Is Ayni Gold safe? How the protocol verifies smart contracts, custody and mining operations



“Is X safe?” is the most researched question for every DeFi protocol. The honest answer is rarely yes or no. Different protocols carry different risks, and the right question is what risks are addressed by each protocol.

Ayni Gold It is a DeFi protocol that turns gold mining production into on-chain revenue, with stakeholders receiving PAXG rewards every three months from mining production in the Minerales San Hilario concession in Peru.

The model touches both DeFi smart contracts and real-world mining operations, meaning the verification problem is broader than that of vault-backed gold tokens or pure on-chain protocols.

Verifying a mining privilege is different from verifying a vault

PAXG and XAUT verify static gold. Reserves do not change much, and periodic certificates confirm the contents of the vault. The verification problem concerns checking whether a number matches.

Ayni Gold verifies dynamic mining production. Smart contracts manage staking and rewards. The nursery handles the distributions. A mining concession produces gold over time, with operational variables affecting production.

Each part of the chain needs its own verification because each part can fail independently. This structural difference shapes everything that follows.

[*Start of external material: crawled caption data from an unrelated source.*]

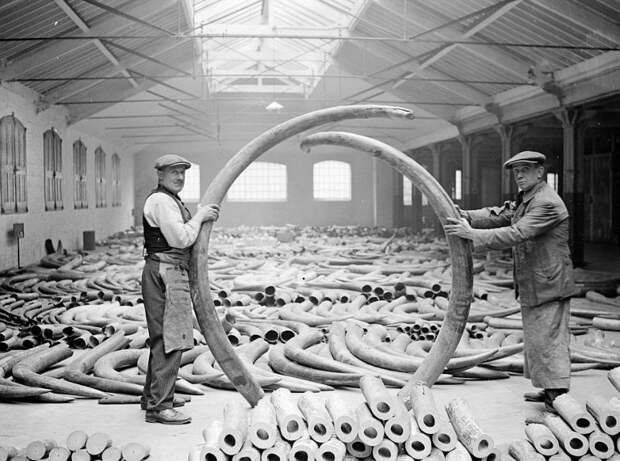 Слоновьи бивни, доставленные в Лондон в 1920-х годах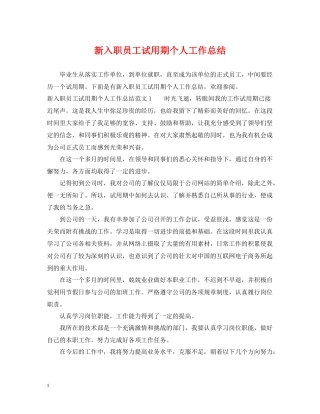 新入职员工试用期个人工作总结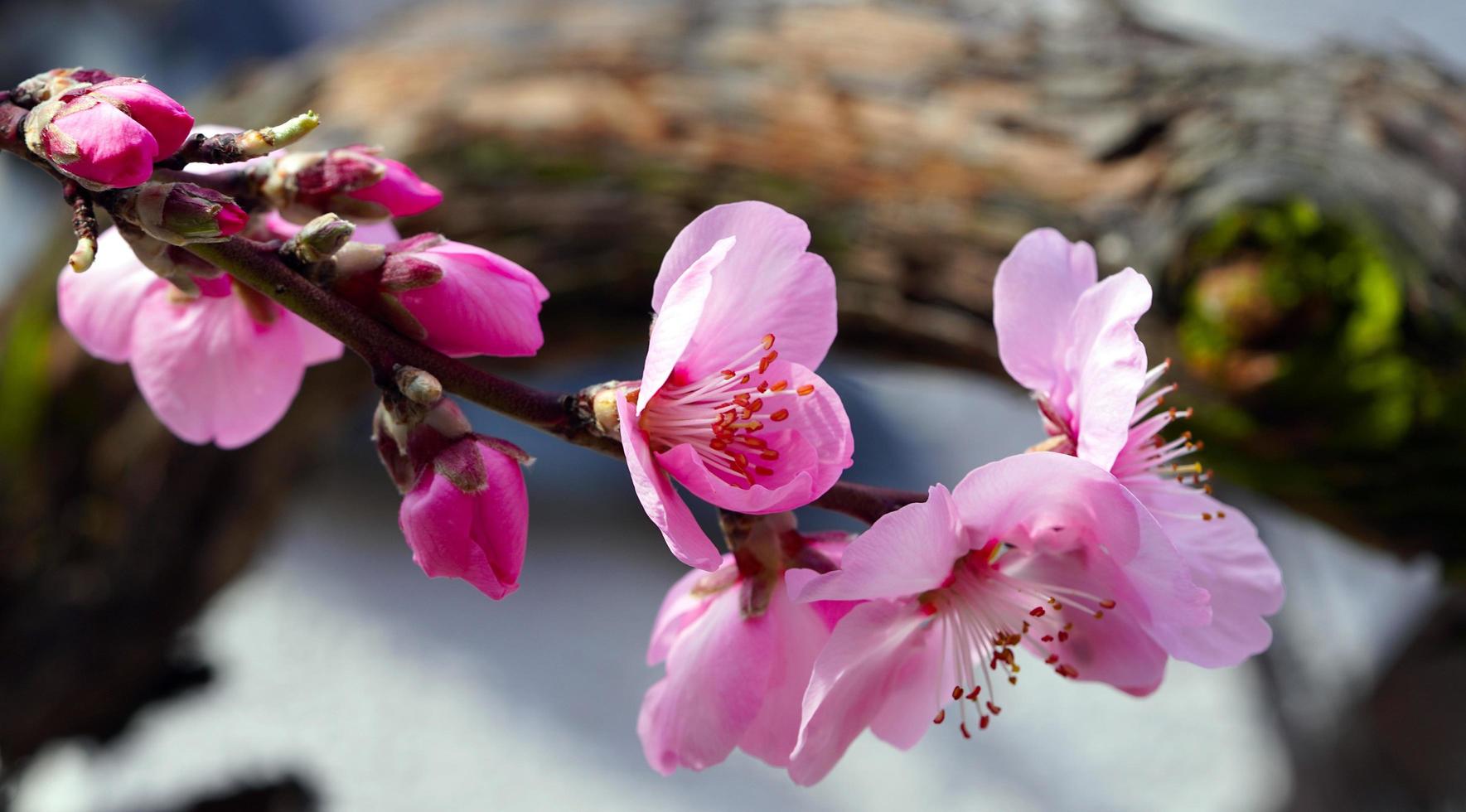 hermosa primavera naturaleza almendro flor árbol rama fondos de pantalla  6671767 Foto de stock en Vecteezy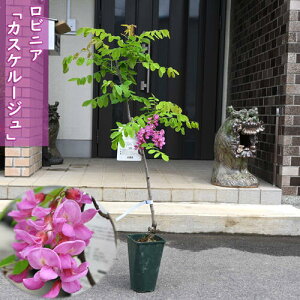 2025N11蔭NEW rjA JXP[W c jZAJVA niGW ڂ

Inside the audit results of Ayni Gold smart contracts

Ayni Gold’s smart contracts have been audited by two of the most established companies in the industry, and the results have been made public.






auditor

date

a result

certec

October 2025

Security score of 70.81 (top 25% of projects audited, vs. industry average of 65)

Peak Shield

October 2025

The logic and protocol audit found no critical security vulnerabilities

Two independent audits are important because different methodologies detect different categories of errors. certec and Peak Shield They have reviewed overlapping sets of major DeFi protocols over the past several years, and their methodologies are complementary and not redundant.

Audited contracts handle the automated flow of the protocol. Staking is managed through a smart contract. Quarterly PAXG distributions are automatically executed based on the published bonus formula. The 15% burn fee runs according to a schedule specified in the code.

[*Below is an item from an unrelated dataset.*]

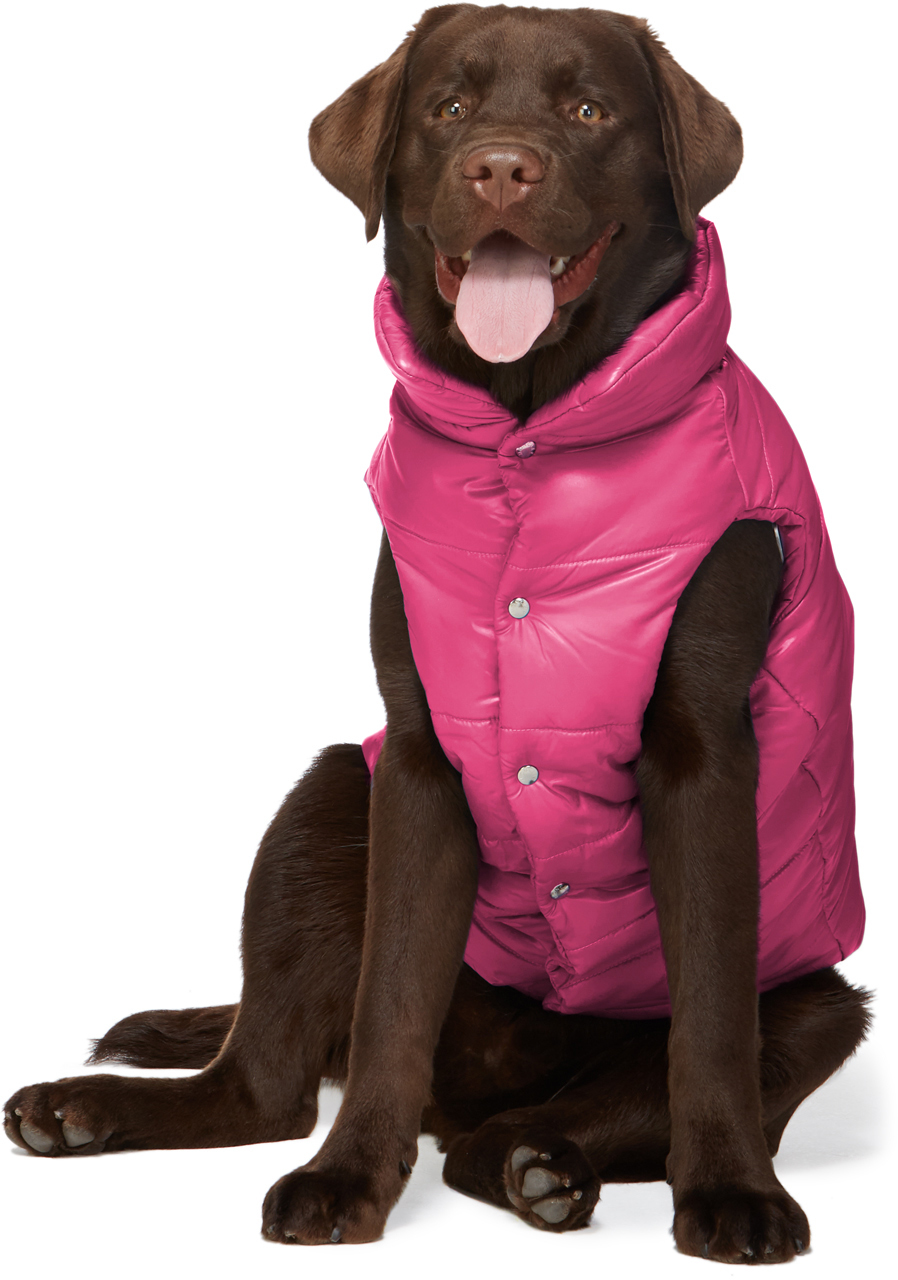 moncler-genius-pink-poldo-dog-couture-edition-insulated-jacket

None of this relies on manual intervention, which removes a class of risks associated with human error or operator manipulation.

Audits certify that there are no known vulnerabilities that match the auditor’s test suite on the audit date. They do not guarantee that contracts are free from exploitation against future technologies. This applies to every protocol that is audited.

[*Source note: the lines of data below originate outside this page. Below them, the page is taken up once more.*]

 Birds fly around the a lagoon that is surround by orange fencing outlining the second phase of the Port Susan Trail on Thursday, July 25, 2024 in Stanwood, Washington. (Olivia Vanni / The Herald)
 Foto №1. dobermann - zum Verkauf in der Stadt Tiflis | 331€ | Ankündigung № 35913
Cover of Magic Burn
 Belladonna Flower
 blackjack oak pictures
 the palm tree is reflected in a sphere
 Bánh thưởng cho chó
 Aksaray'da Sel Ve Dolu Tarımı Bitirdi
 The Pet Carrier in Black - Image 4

How Ayni Gold handles custody without holding user tokens

The most common mistake in assessing the safety of DeFi is assuming that custody works the same way across all protocols. Ayni runs a non-custodial architecture, meaning that user tokens live on the blockchain rather than within Ayni’s central database.

Ayni’s CTO publicly stated in a YouTube video The protocol does not have an administrative function to access, transfer or withdraw user tokens.

The technical setup supports this claim. The user’s tokens remain in the user’s wallets, while the protocol’s smart contracts handle staking and reward distribution.

The guard is divided into three layers:

  • In-App Smart Wallet (TurnKey): For users who create wallets through the Ayni app, the TurnKey infrastructure handles secure key management. Transactions can only be signed and approved by the user via one-time email confirmation (OTP).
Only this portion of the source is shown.